Ein Kollege bezieht die Regelmäßig.
paul


----------



## Teichforum.info (29. Okt. 2003)

*...*

Hallo Paul/Patrick,

werde heute mittag mal meine Bilder auskramen ... mal sehen, ob ich den __ Wildkarpfen erwicht habe auf dem Foto, der sah genauso aus.

@Helmut
Guck mal, sehen deine großen Karpfen ned auch so aus ?


----------



## Teichforum.info (29. Okt. 2003)

hallo zusammen,

aufjedenfall klein ist er nicht   

tommi und patrick - am wochenende könnt ihr ein paar kleinere __ wildkarpfen sehen und vergleichen - aber bringt das foto mit    


gruß jürgen


----------



## Teichforum.info (29. Okt. 2003)

*....*

Hallo Jürgen,

dat werden wir sicher machen ....

vorab schonmal ein Pic eines Anglers mit einem __ Wildkarpfen







Markant und wichtig die Flossenrötung ...


----------



## Teichforum.info (29. Okt. 2003)

@Paul

Der __ Schuppenkarpfen iss mir zu hochrückig für das Bild ... heir zum Vergleich einer:


----------



## Teichforum.info (29. Okt. 2003)




----------



## Teichforum.info (29. Okt. 2003)

hierbei handelt es sich um einen __ schuppenkarpfen.deise werden in der tat sehr groß und kommen auch bei uns vor.habe schon ein paar gefangen.
sie haben 4 barteln.2 an der oberlippe und 2 an der unterlippe, wobei die an der unterlippe kleiner sind.
schuppenkarpfen sind sehr hochrückig, wenn sie eher klein sind.wenn sie ausgewachsen sind, fällt es gar nicht so auf, weil ihr körper sich in die länge zieht...


----------



## Teichforum.info (30. Okt. 2003)

Hi Luke

und genau diese unteren Barteln vermisse ich auf diesem Foto . Den Stiernacken bekommen sie auch eher in kleineren Weiher , dort , wo sie gegen eine Strömung ankämpfen , iss dies gar ned so ausgeprägt . Und wie du schon sagtest , fällt dies bei grösseren Tieren nicht mehr auf . 
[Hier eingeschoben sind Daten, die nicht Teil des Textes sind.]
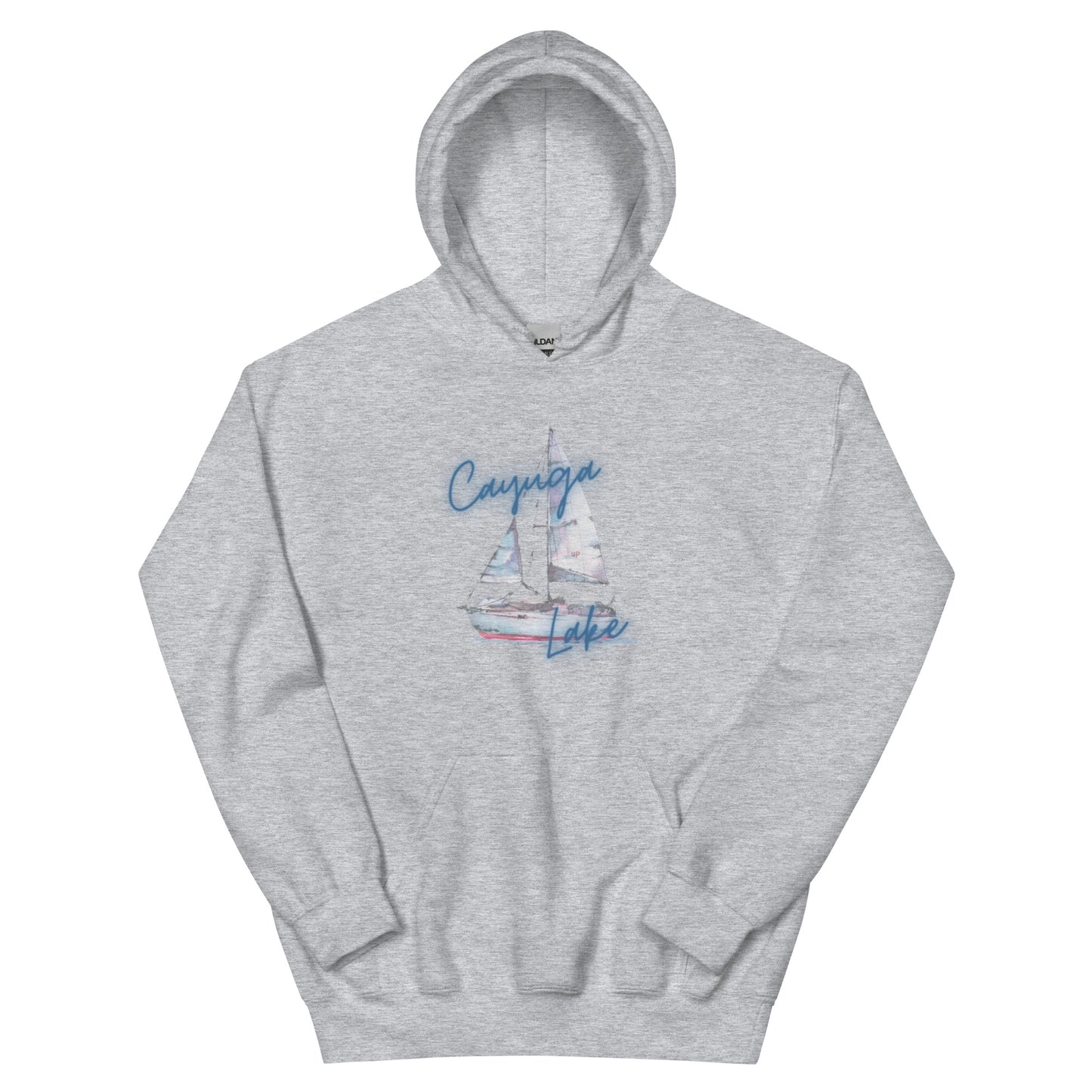 Unisex Hoodie - Cayuga Lake Sailboat 3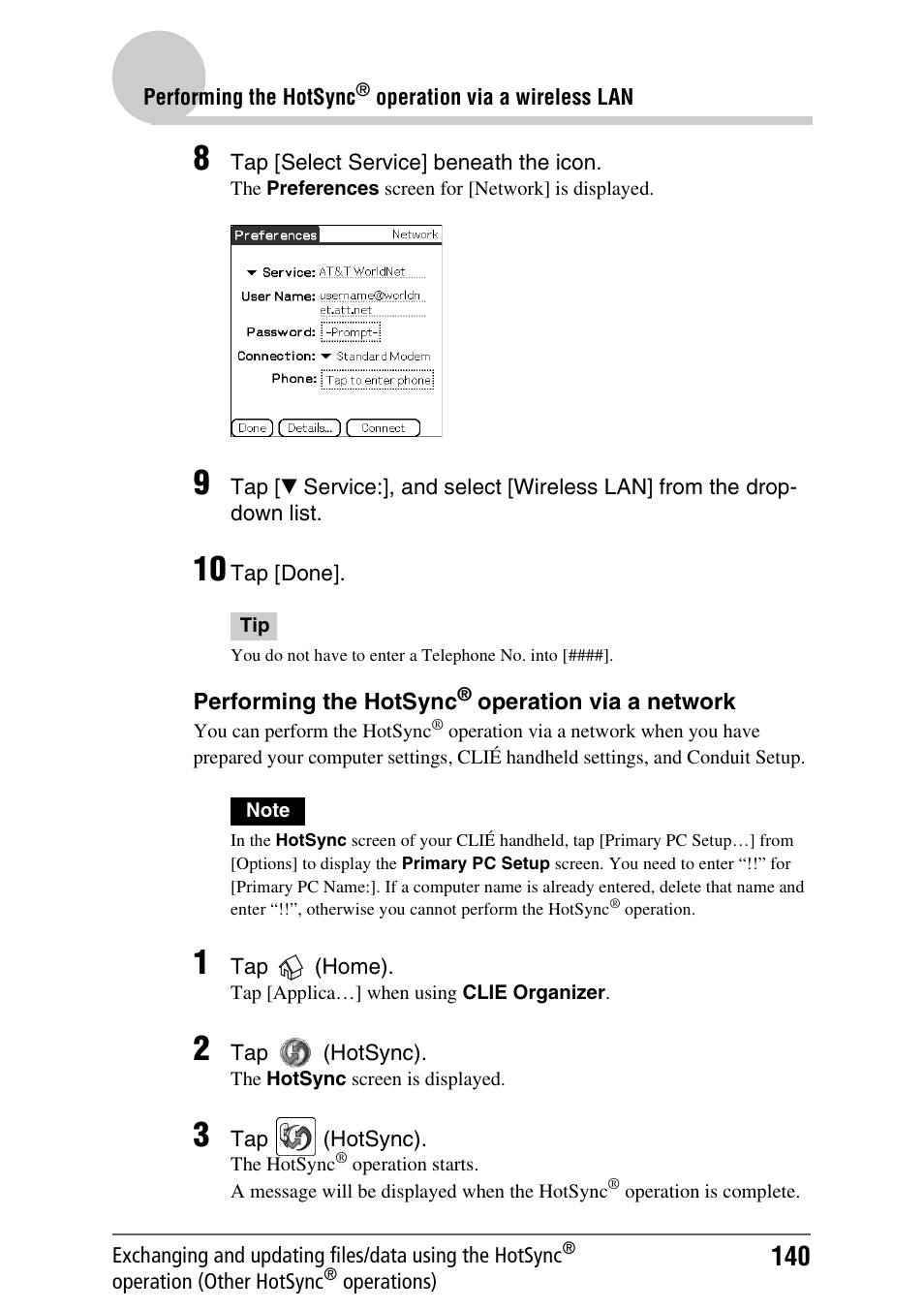 Sony PEG-TH55 User Manual | Page 140 / 231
__ Graskarpfen haben keine unteren Bartel und sind in drüben Gewässer nicht so silber wie auf den Bilder von Ole ( In unserem Weiher sind sie eher grün-braun ).

__ Wildkarpfen werden meines Wissens nach nicht so gross , ausser sie wurden mit einer anderen Rasse gekreuzt , sind dann aber keine Wildkarpfen mehr . Das Rot in der Schwanzflosse findet man ach öfter bei Schuppen und Spiegelkarpfen .

Mal diesem Fisch noch die unteren Barteln ins Bild und wir einigen uns auf den __ Schuppenkarpfen


----------



## Teichforum.info (30. Okt. 2003)

Hallo Patrick!


Genau...... und der Pinsel der ihn hochhält ist ein kleinwüchsiger Japaner.  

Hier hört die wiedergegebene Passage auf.